You are officially what it must protect, which also means that you are officially its target. To protect you, it must know you. I mean really know you, lest you turn out to be what it’s protecting Americans from. It must know you every which way, whether you want to be known or not, and above all, for your own safety, its access to you must be untrammeled, while -- it’s your safety at stake! -- your access to it must be nonexistent. Hence, the heavy-handed use of classification, the endless attempts to cut down on unsupervised contact between members of the U.S. intelligence community as well as retired brethren and the press, the muzzling of thousands of people a year by the FBI, and the fierce campaigns that have been launched against whistleblowers and to prevent whistleblowing. Above all, you must not know what your government knows about you.
It doesn’t matter whether Democrats or Republicans are in charge in Washington, whether the politicians in question happen to be chanting “big government” or “small government.” No matter what they say, almost all of them bow down before the oppressive powers of the state. They worship (and fund) those powers and, in the process, grant that state-within-a-state ever more powers lest they someday be blamed for another 9/11. Any attempts at “reforms” that might limit those powers turn out, in the end, to be just window dressing. You, the once-upon-a-time citizen, now prospective subject and object of the national security state, are at least theoretically the ultimate grantor of these powers, even if you now seem to have no control over them whatsoever.
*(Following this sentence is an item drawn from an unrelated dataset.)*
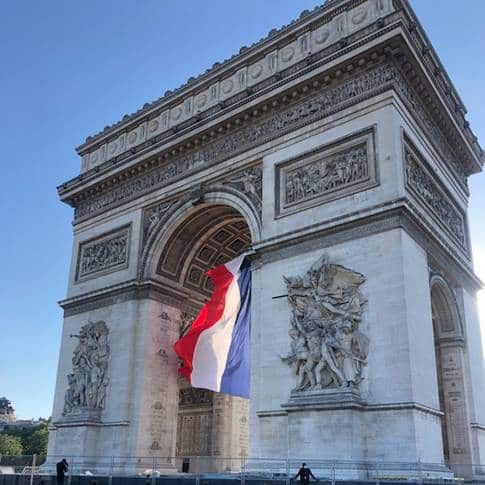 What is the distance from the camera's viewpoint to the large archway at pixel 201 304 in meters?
23.0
This, then, is the sea in which you swim and, in case you hadn’t noticed, the nets of corporate and government phishing are in the water, already being drawn up around you.
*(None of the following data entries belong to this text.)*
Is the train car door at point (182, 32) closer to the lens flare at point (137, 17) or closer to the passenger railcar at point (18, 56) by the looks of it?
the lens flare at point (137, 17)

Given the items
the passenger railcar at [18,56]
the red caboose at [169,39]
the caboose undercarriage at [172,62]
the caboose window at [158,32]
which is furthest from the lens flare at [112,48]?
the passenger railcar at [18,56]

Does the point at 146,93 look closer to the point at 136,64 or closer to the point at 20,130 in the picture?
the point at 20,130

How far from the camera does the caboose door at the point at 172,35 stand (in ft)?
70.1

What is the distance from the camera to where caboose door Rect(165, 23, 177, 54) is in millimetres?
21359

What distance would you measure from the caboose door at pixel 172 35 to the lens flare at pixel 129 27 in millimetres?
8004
It’s your generation, not mine, that will be forced to make something of this particular mess, if anything is to be made of it and we are not to become the possessions of the national security state and our personalities and traits turned into the personal equivalents of financial derivatives. Still, for what it’s worth, I have a feeling that answers won’t be found in the river of shadows that is the online world. I doubt you’ll be able to encrypt your way out of our present dilemma or hack your way out of it either; nor will you be able to simply ignore it to death. There is, I suspect, only one way to change our lives when it comes to the increasingly oppressive powers of the surveillance state and its corporate doppelgangers: you’ll have to step out of that world of shadows and into the increasingly surreal and shadowy world that surrounds and feeds on them.
You can’t fight a national security state or a corporate selling state, both operating in the shadows via the shadowy world of the Internet -- not when so much of their power, their essential structures, and their operations are located in the perfectly surreal world beyond the screen, the one that they would like to put beyond your reach. That’s why, on this grey and overcast day outside this auditorium, my urge is to graduate you from the world of shadows where you’ve spent so much of your last years into the increasingly shadowy off-screen world where what matters most still exists.
Unfortunately, there is no obvious gate off this campus. When you've snapped the last graduation selfie on that smartphone of yours, when your gowns and caps are returned and your schoolbooks sold off, you’ll have to find your own way into our confusing world amid all those shadows. All I can do, graduates of the Internet class of 2014, is wish you luck and say that what you do (or don’t do) will matter.